Gillian Lavery - William Kentrige is of particular interest to me at the moment. Part of this is the way that he articulates his process and emphasises the importance of play and open ended experimentation in his practice. Louise Bourgeois has influenced me for a very long time and it was seeing her work in Paris many years ago that prompted me to go to art school. I am inspired by the way that she had stayed true to her subject and herself against all odds, she made what she wanted to, what she had to. She also works across so many different mediums - though I am particularly interested in her drawings and textile pieces.
Kath Fries - I’m most interested in the practices of artists who work with the instability and changing nature of materiality. Like Hannah Bertram, a Melbourne artist, works with dust to create meticulous, decorative, temporal installations that are deliberately destroyed at the conclusion of the process. I was lucky to visit Teshima Museum in Japan an few years ago and was really inspired by the serene water droplet Matrixinstallation by Rei Natio, where visitors sit inside a tranquil architectural/landscape space, designed by Ryue Nishizawa, to watch and feel tiny trickles of water seep out of the undulating floor and gradually be absorbed back into it again.
Renuka Fernando - I have always been drawn to artists that have an interest in the mark making process. I saw a retrospective of Cy Twombly’s work in London and I was overwhelmed by the sheer scale and energy embedded in his marks, particularly the Bacchus series (2005). Locally I have always loved the work of Sally Gabori and Tony Tuckson. To be honest it’s very difficult to narrow it down to only a few.
What are you aiming to communicate through your work?
We all tend to think of our practices as a way of opening up a space of exploration. We don’t have a message beyond inviting people into a space that is different to what they experience in their every day life.
What do you hope will be the outcome of it? How will you judge its success?
There are many levels of success in a work of art. We are mostly interested in how one work or exhibition provides a path for the next work. Installing and exhibiting these works together might generate a whole new line of enquiry. As long as we are learning, pushing ourselves and taking risks then we are satisfied. If the viewer enjoys it and gets something out of it too - then that is an added bonus.
What is your next project?
Gillian Lavery - I am working on something for a group show at 107 Projects in Redfern in May. I am hoping to use some of the experiments that I was working on in Iceland for that show and see where I can take them.
Kath Fries - I’m working on a paper-bark doorway installation with oyster mushrooms growing in it for a group exhibition ‘Out of Time’ at Airspace Projects, Marrickville in May.
Renuka Fernando - In June I will be doing an artist residency with the Chris O’Brien Lifehouse Foundation in Camperdown. The residency takes place within the hospital and I will get the opportunity to work with patients and visitors introducing the ideas of mark making as a means of self-expression and play.
What are your future goals?
Keep making, playing, thinking…
What are your favourite places in Marrickville (park, music venue, bar, coffee shop, other) to work or wind down?

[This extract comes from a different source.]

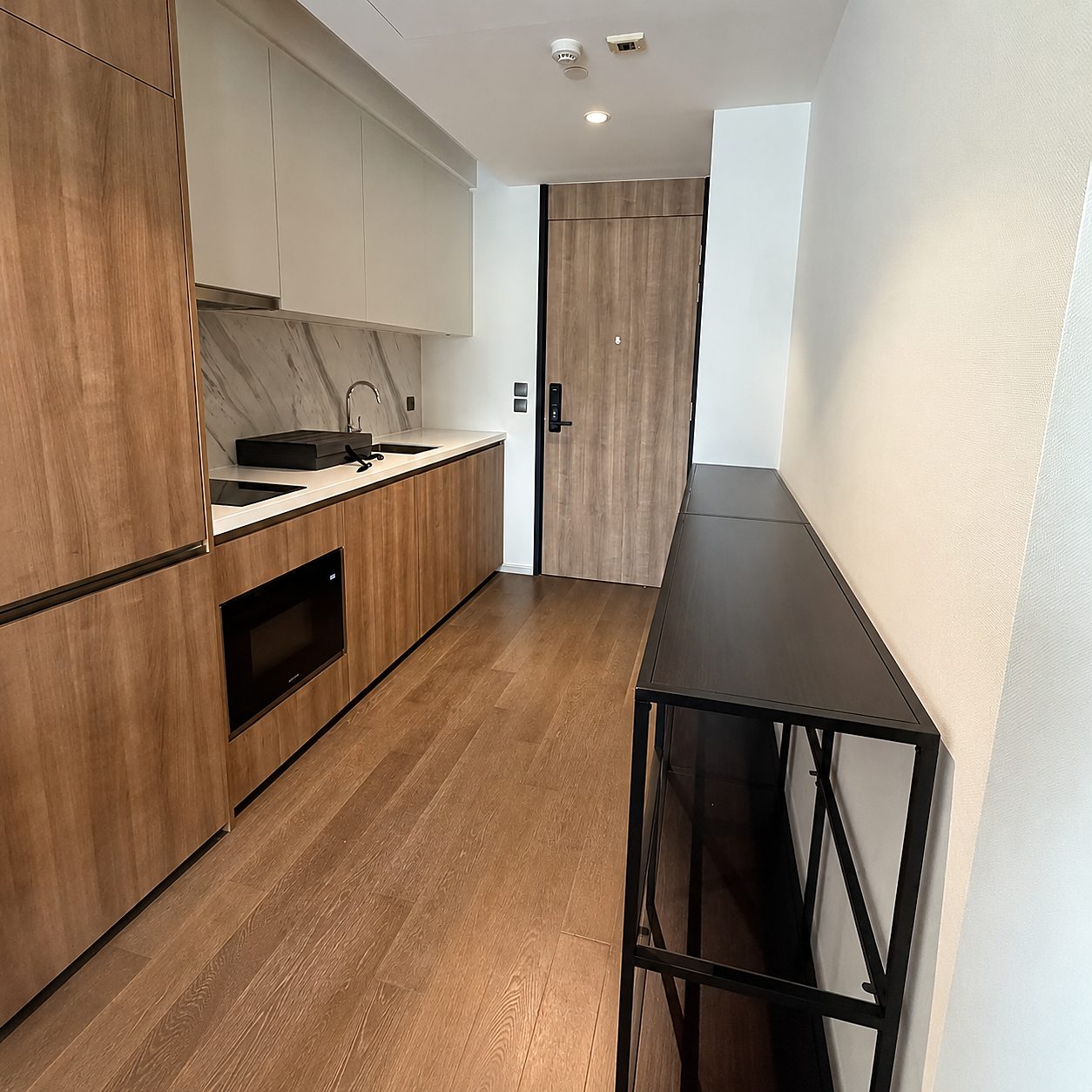 MUNIQ Sukhumvit 23: Kitchen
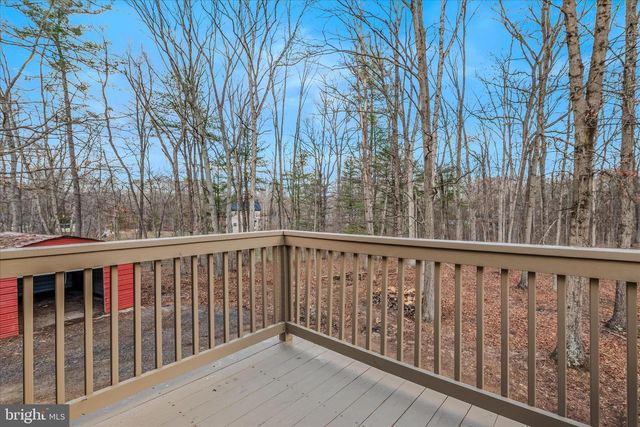 495 GETAWAY RD, Hedgesville, WV 25427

Gillian Lavery - When I had a studio in Marrickville I loved spending my lunch at Henson Park. I enjoyed lying in the grass and watching the sky and listening to people walking their dogs, children on the play equipment and the occasional tennis match.
Kath Fries - I live around the corner from Willie the Boatman microbrewery - we’ll have some of their beers at our Tracing Materiality exhibition opening! Also on Mary Street is Sample Coffee Roasting, they have a lovely café and I buy their coffee beans. Over the road is St Peter's Fruit World, which stocks a great range of fresh fruit and veggies as well as local yogurts, cheeses, tofu and dumplings made in the Marrickville area.
Renuka Fernando - I love that little hole in the wall Vietnamese place on Illawarra Road, they do the best Banh Mi in Sydney.